The seven men seated at the table in that ballroom were the survivors of a lengthy and arduous selection process to become the nation’s first astronauts. The agency that presented them to the world was itself only six months old, and no one knew the right criteria for selecting people who would travel into the unknown realm of outer space. When choosing who would make the best astronauts, several high-risk professions were considered before NASA, with President Dwight D. Eisenhower’s concurrence, decided that the best candidates would be found among the nation’s active military test pilots. From that group of elite men, 110 were selected based on their performance and medical history for a top-secret briefing on what would be asked of them as astronauts as well as preliminary medical, physical and psychiatric evaluations. Thirty-two men survived that step and went on to more rigorous and comprehensive screenings. The candidates first underwent a weeklong series of intensive medical examinations at the Lovelace Clinic in New Mexico. This was followed by another week of arduous physical and psychological fitness testing at the Wright Aeromedical Laboratory in Ohio. The purpose of those two weeks of extreme screening was to find the absolute fittest men for the job of being the nation’s first astronauts. Those seven men sat at the table in the Dolley Madison House.

mercury_7_astros_on_life_cover  mercury_7_astro_wives_on_life_cover  
Left: Mercury 7 astronauts on the cover of LIFE magazine (clockwise from lower left) Cooper, Glenn, Schirra, Shepard, Slayton, Grissom, and Carpenter.
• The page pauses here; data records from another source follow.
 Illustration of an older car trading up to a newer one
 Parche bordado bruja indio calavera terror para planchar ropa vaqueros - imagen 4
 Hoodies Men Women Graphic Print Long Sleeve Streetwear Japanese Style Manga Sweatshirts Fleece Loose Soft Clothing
Right: Wives of the Mercury 7 astronauts on the cover of LIFE magazine (clockwise from lower left) Trudy Cooper, Annie Glenn,Jo Schirra, Louise Shepard, Margie Slayton, Betty Grissom, and Rene Carpenter. Credits: https://www.originallifemagazines.com/

As much as the Mercury 7 astronauts were suddenly thrust from their relative anonymity as test pilots to celebrated heroes even before they flew in space, so too were their wives jolted into the celebrity spotlight. NASA arranged for exclusive deals with LIFE magazine to cover the astronauts as they progressed from newly minted heroes to actually flying in space, and the deal extended to coverage of their wives who stayed home.
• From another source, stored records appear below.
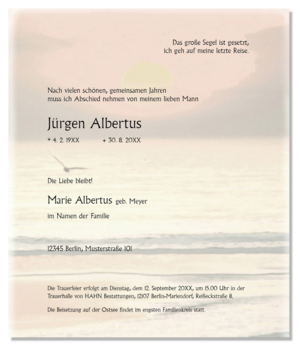 Trauerbrief "Abendrot" 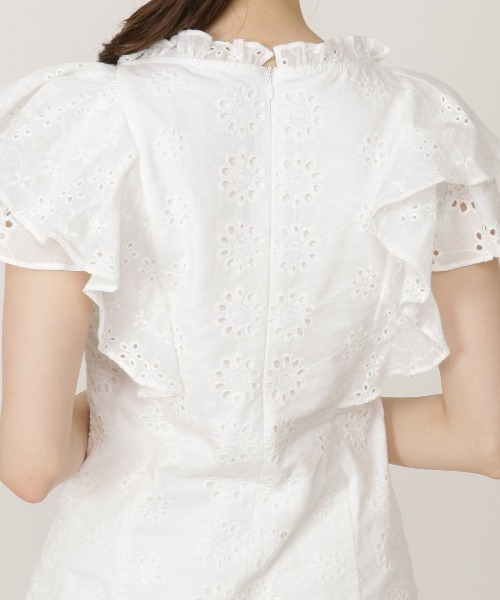 REDYAZEL（レディアゼル）の「コットンレース柄ドッキングブラウス（シャツ/ブラウス・レディース・ネイビー/レッド/オフホワイト・SMALL/MEDIUM）」の10枚目の写真
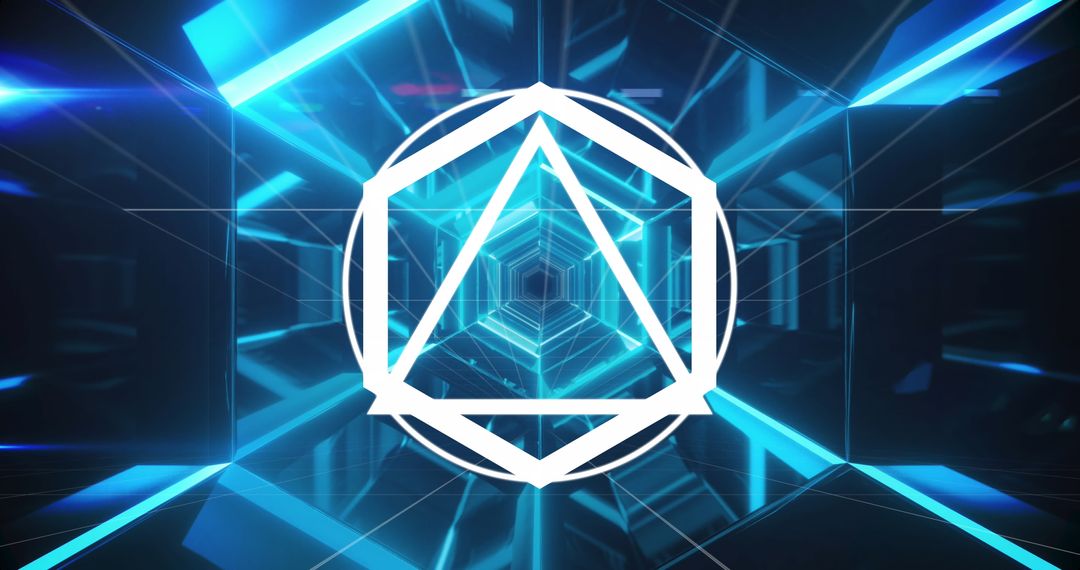 White Geometric Symbol over Neon Tunnel Background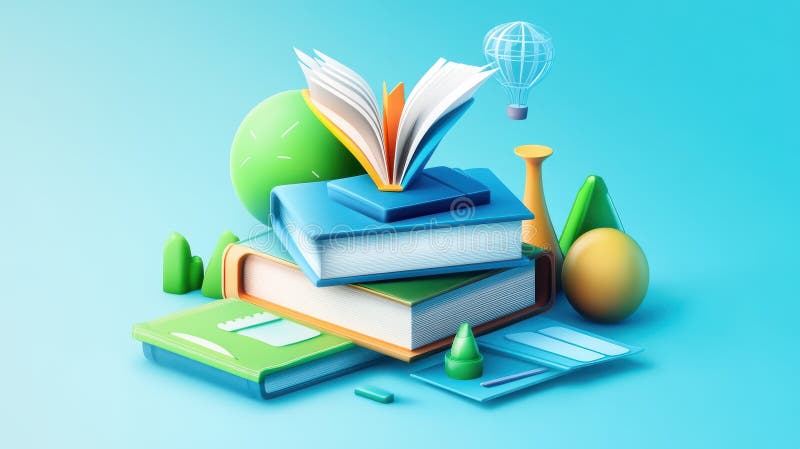 Colorful cartoon books stacked with an open book and other objects on a light blue background stock illustration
The Mercury 7 astronauts went on to have stellar careers in the space program.  All but Slayton, who was grounded by a heart murmur, flew pioneering Mercury missions of increasing duration between 1961 and 1963. Slayton was eventually reinstated and flew on the Apollo-Soyuz Test Project, a joint American-Soviet space flight, in 1975, becoming the last of the original group to fly in space. Carpenter made his single trip into space during the three-orbit Mercury 7 flight. Cooper flew the longest Mercury mission in 1963 and two years later went on to fly on the then record-breaking eight-day Gemini 5 flight. Glenn became the first American to orbit the Earth in 1962 and returned to space in 1998 as the oldest person ever to fly, during Space Shuttle Discovery’s STS-95 mission. Grissom flew the second suborbital Mercury mission in 1961, the first Gemini mission in 1965, and was designated to command the first Apollo mission when he died in a fire during a launch pad training exercise. Schirra was the only person to fly Mercury, Gemini, and Apollo missions, accomplishing the first rendezvous and commanding the first crewed Apollo flight. After becoming the first American in space in 1961, Shepard was grounded by an inner ear condition, but was later reinstated and became the only one of the Mercury 7 to walk on the Moon during Apollo 14.